The Warden's life of drugged iniquity is shaken by his discovery of a murdered child down a dead-end street... setting him on a collision course with the life he left behind. As a former agent with Black House - the secret police - he knows better than anyone that murder in Low Town is an everyday thing, the kind of crime that doesn't get investigated. To protect his home, he will take part in a dangerous game of deception between underworld bosses and the psychotic head of Black House, but the truth is far darker than he imagines. In Low Town, no one can be trusted. 


***


You go to Low Town to score, be it drink or drugs or a whore. You go to Low Town to buy an hour that'll last you a lifetime, in the company of a beautiful woman with pools of night where her eyes should be; for a few ochres, she can be yours. And providing you have the pocket for it, all comers are welcome to sup their troubles away at the Staggering Earl, or in any one of the innumerable other dens of iniquity dotted about Low Town.
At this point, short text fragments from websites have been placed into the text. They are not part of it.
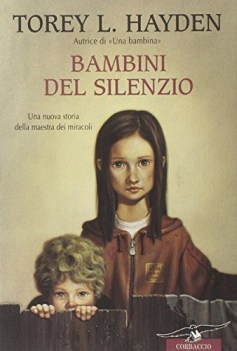 bambini del silenzio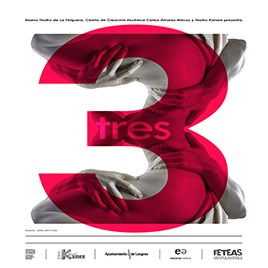 Kumen Teatro Tres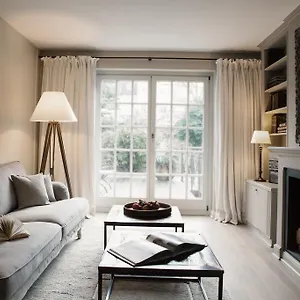 Aparthotel Von Deska - Ivy House Hamburg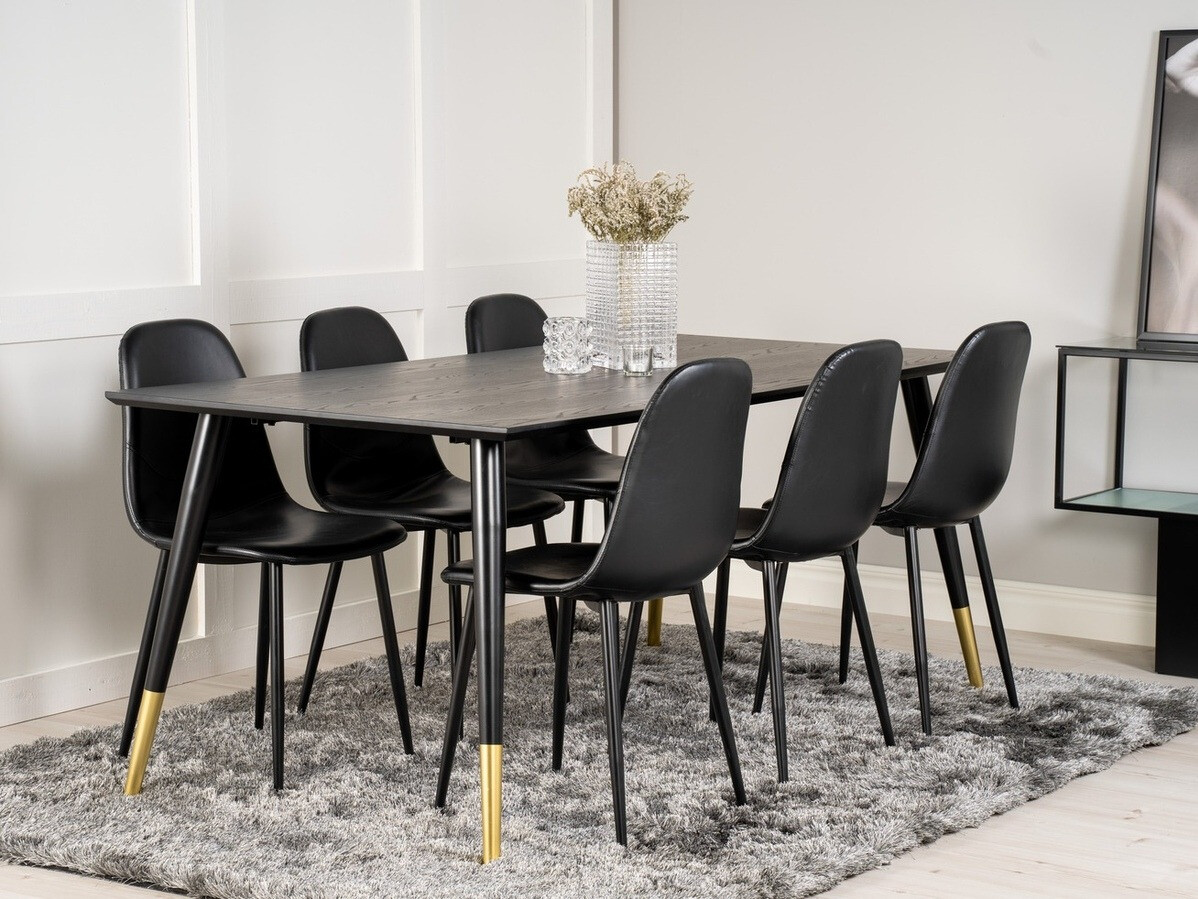 Blagovaonski set Dallas 1254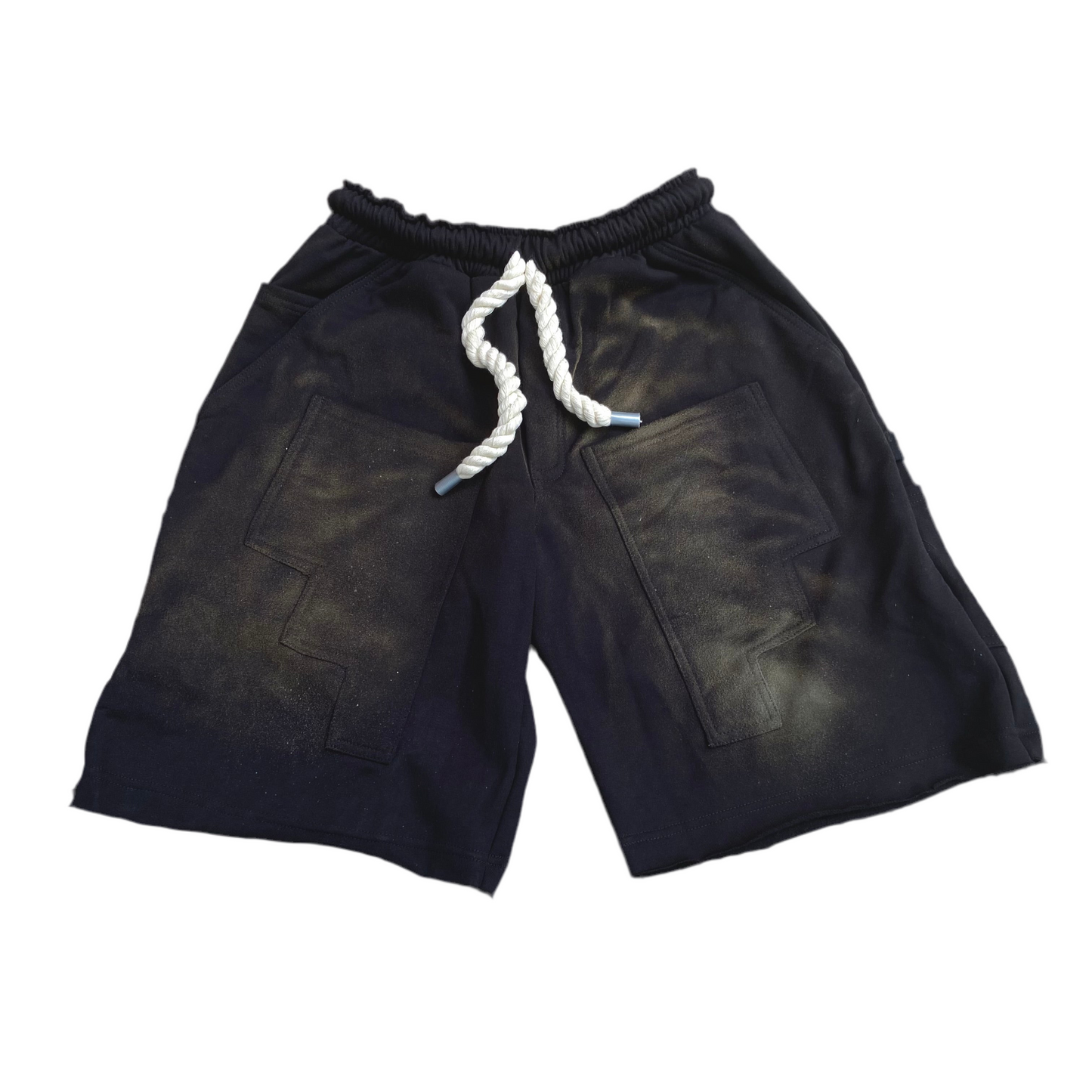 pālida® - CāRPENTER™ double knee shorts
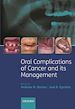 Télécharger le livre :  Oral Complications of Cancer and its Management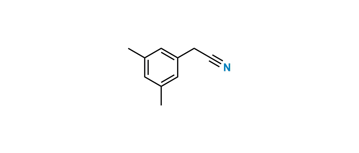 Picture of 3,5-Dimethylphenylacetonitrile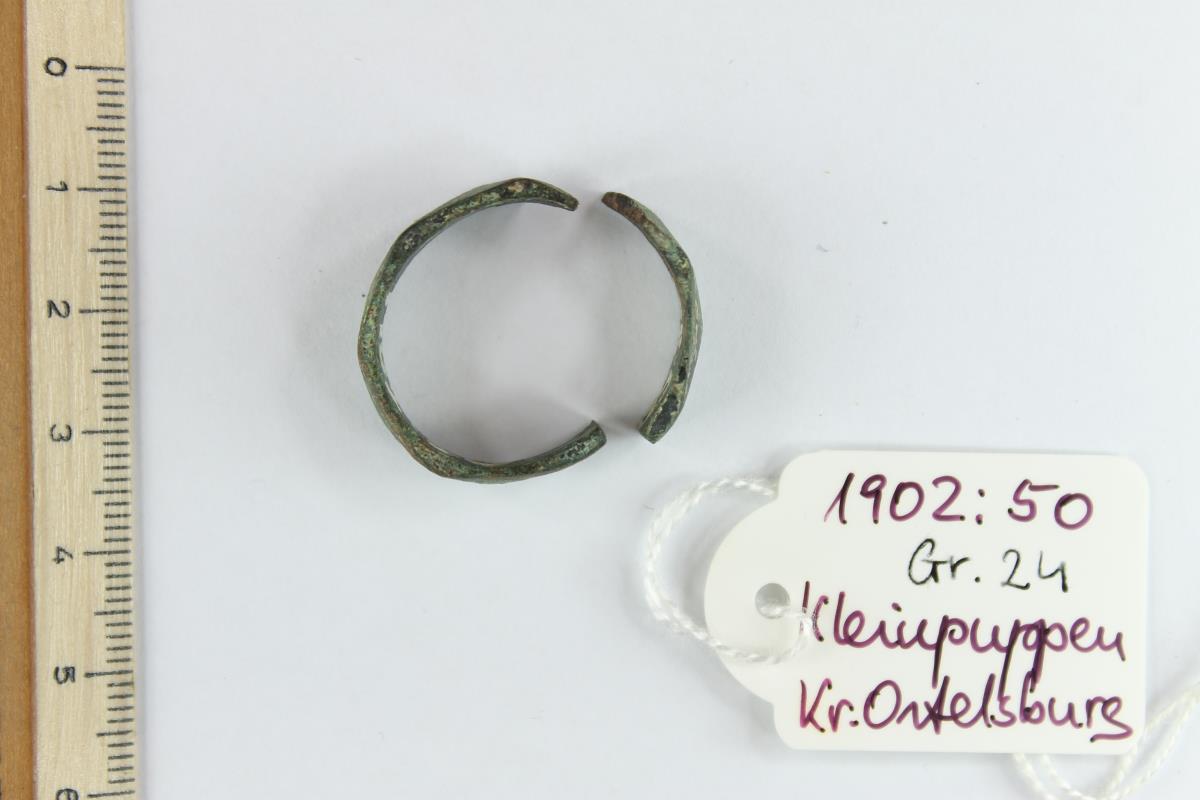 Fingerring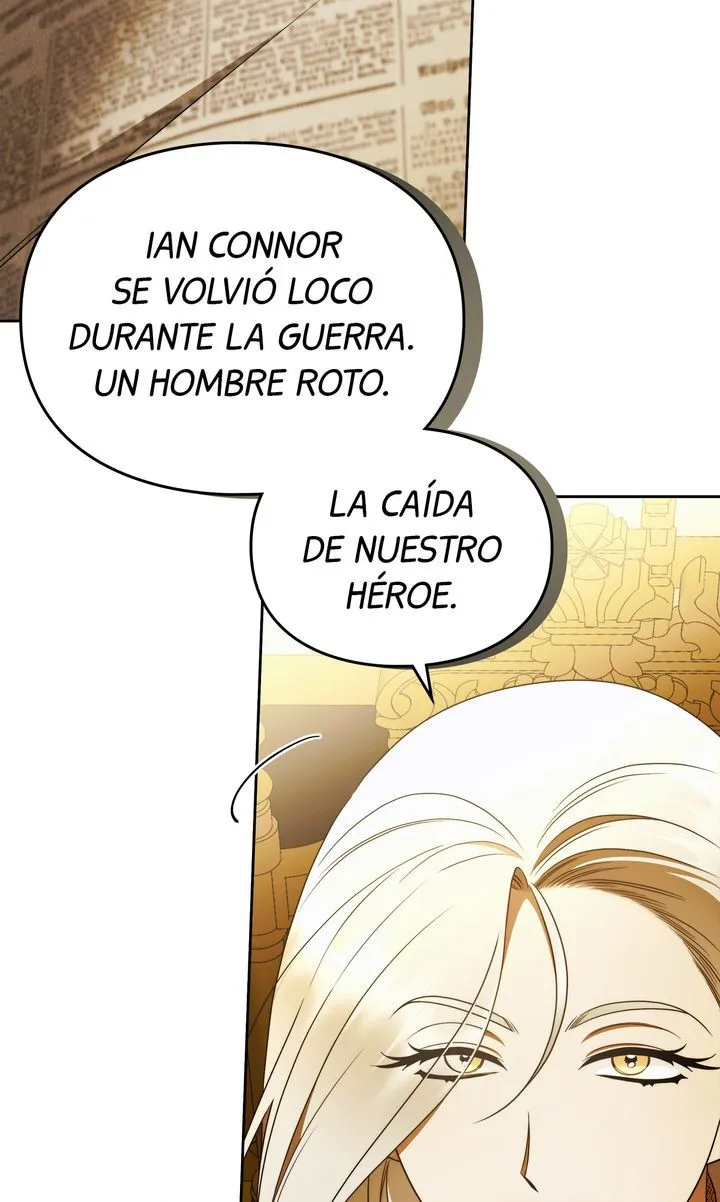 Tus eternas mentiras Capítulo 76 - Página 23 en español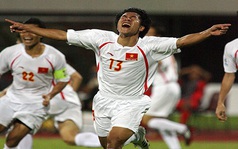 Giọt nước mắt SEA Games, xin rời ĐTVN và phút huy hoàng để đời của “thần tài” bóng đá Việt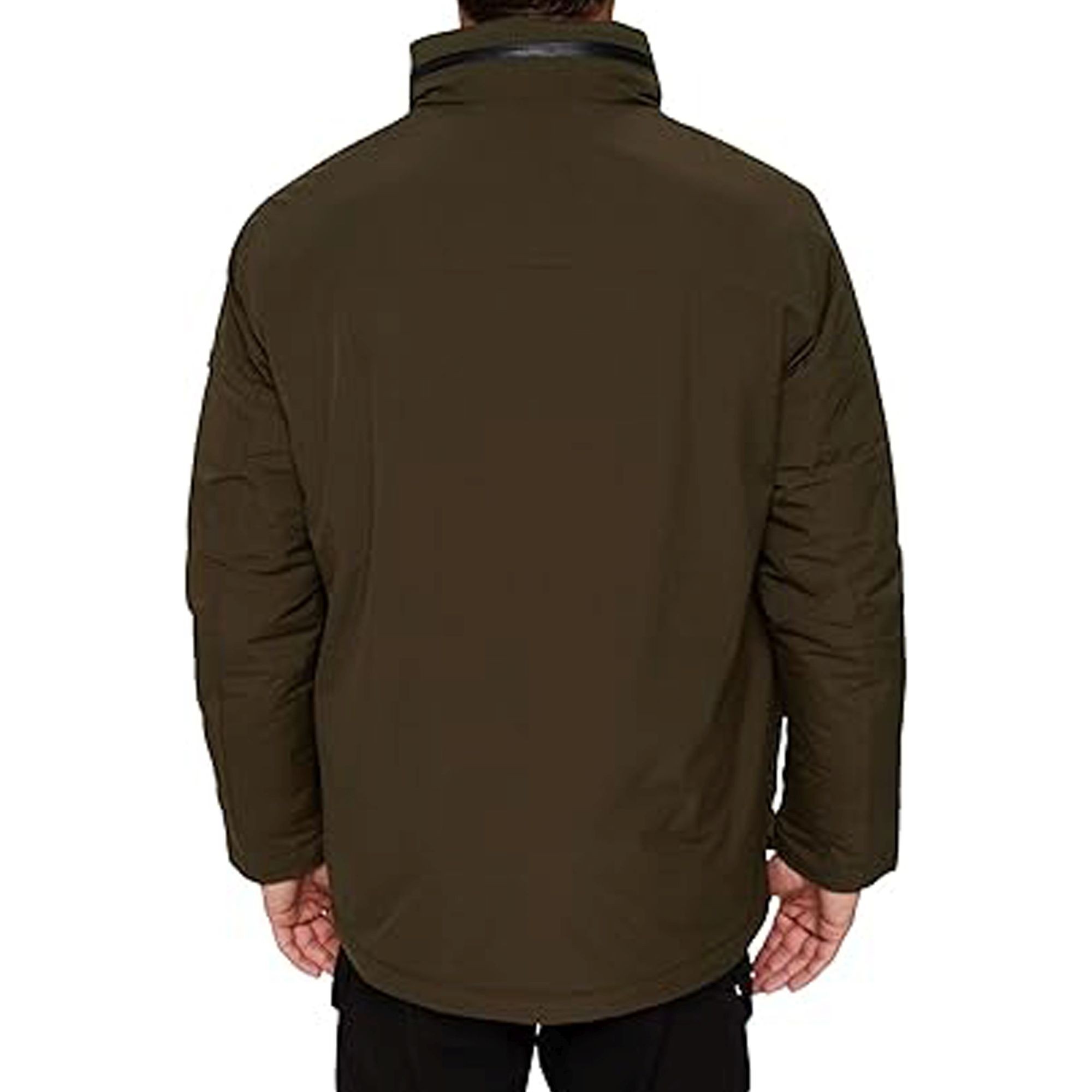 ESPRIT Striukė vyrams, Chaki, Casual 2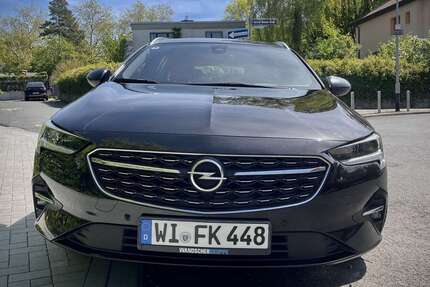 Opel Insignia 110.888 km 13.600 &euro; Wiesbaden 65197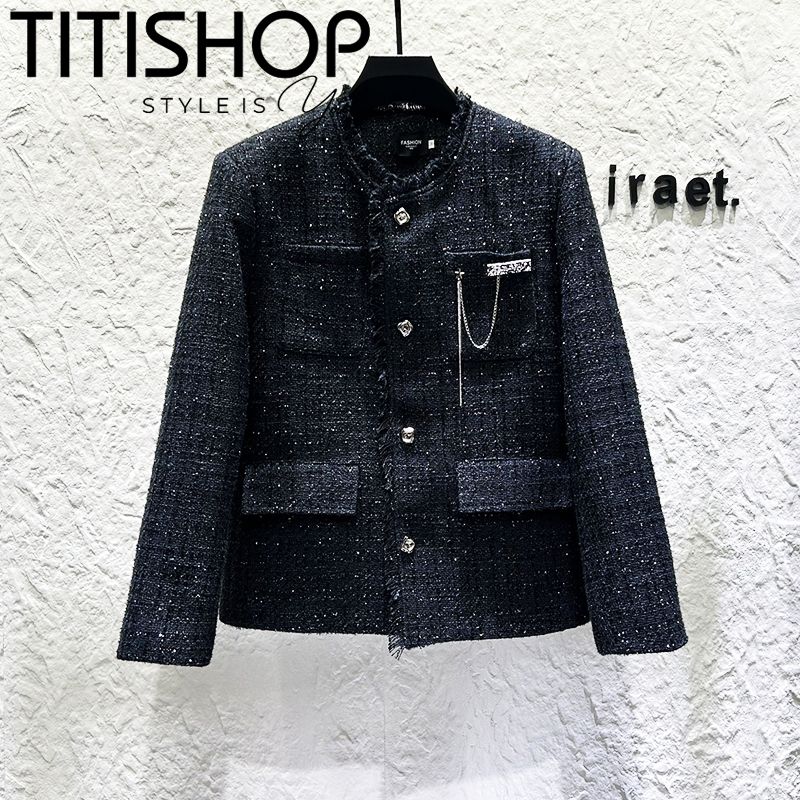 Blazer Style IS You TITISHOP (Đặt 5-7 ngày)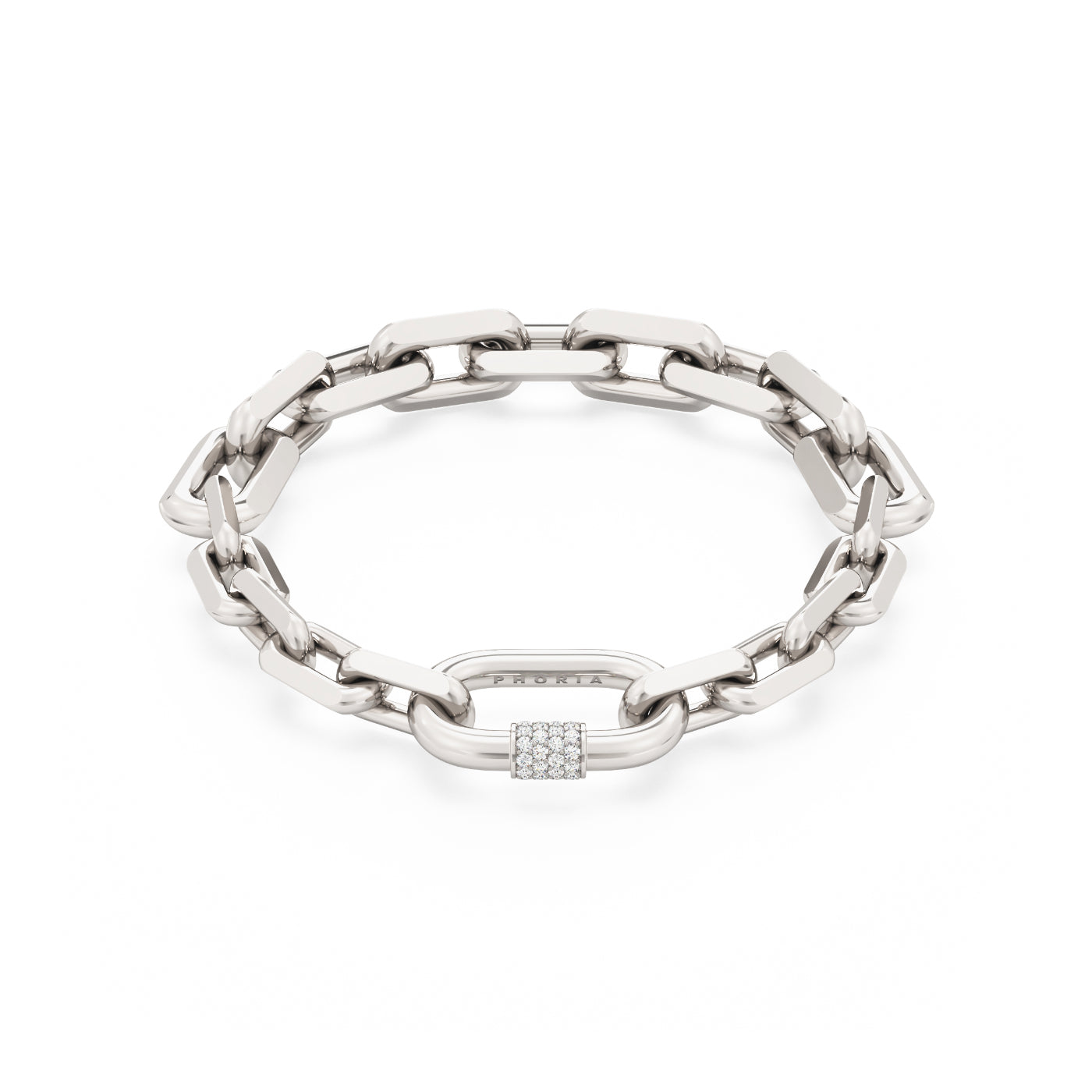 Bond Chain Bracelet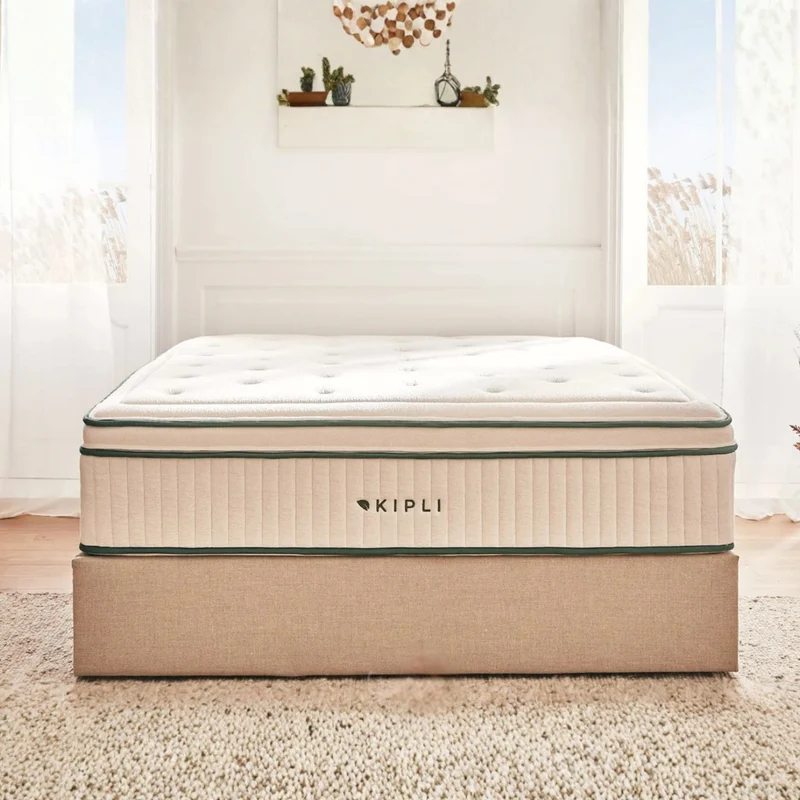 Matelas KIPLI Prestige 180x200cm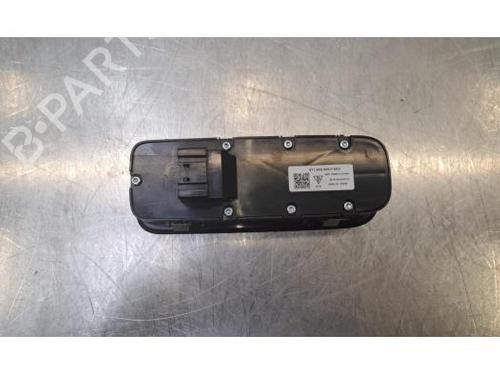 Switch PORSCHE CAYENNE Coupe (9YB) Turbo E-Hybrid AWD (9YBCT1, 9YBCZ1) | BP37287742I30 - Image 3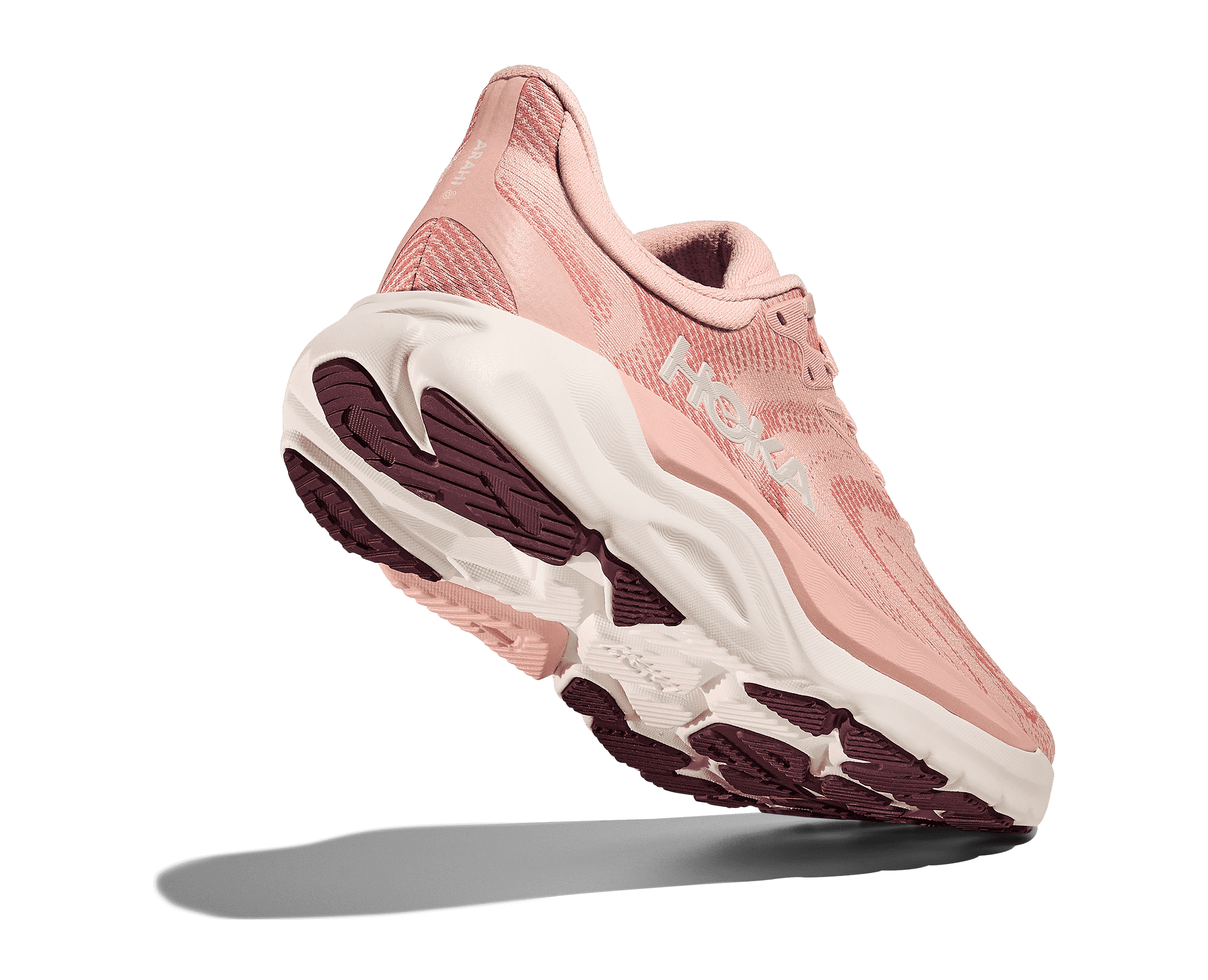 HOKA - Women's Arahi 8 | Supportive Running Shoe – Running Lab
Perhaps you're only looking for vials of pixie's breath to feed your habit, or twists of dreamvine to take the edge off a hard day's night. Well sure! Some shady-looking dealer will set you up - for a price. In "the boil on the ass of Rigus that is Low Town, stewing in all its fetid glory," (p.70) everything can be bought, and everything sold. You come to this squalid, impoverished district to score, but you stay at your peril.


Yet Low Town provides. Just as it has provided for a once-was war hero who lived with "mad abandon" (p.129) in the district in his youth. Now, all growed up and nowhere else to go, fallen from such grace as he could have be had as an agent of Black House, the Warden's swapped sides to provide for it in return. His years with the frost firmly behind him, these days he controls the flow of vices in and out from Low Town, and if he's not a bad man, exactly, he's also far from a good one. Then one day the Warden finds the body of a little girl - marked, molested, murdered - and he must decide, once and for all, where his allegiances truly lie.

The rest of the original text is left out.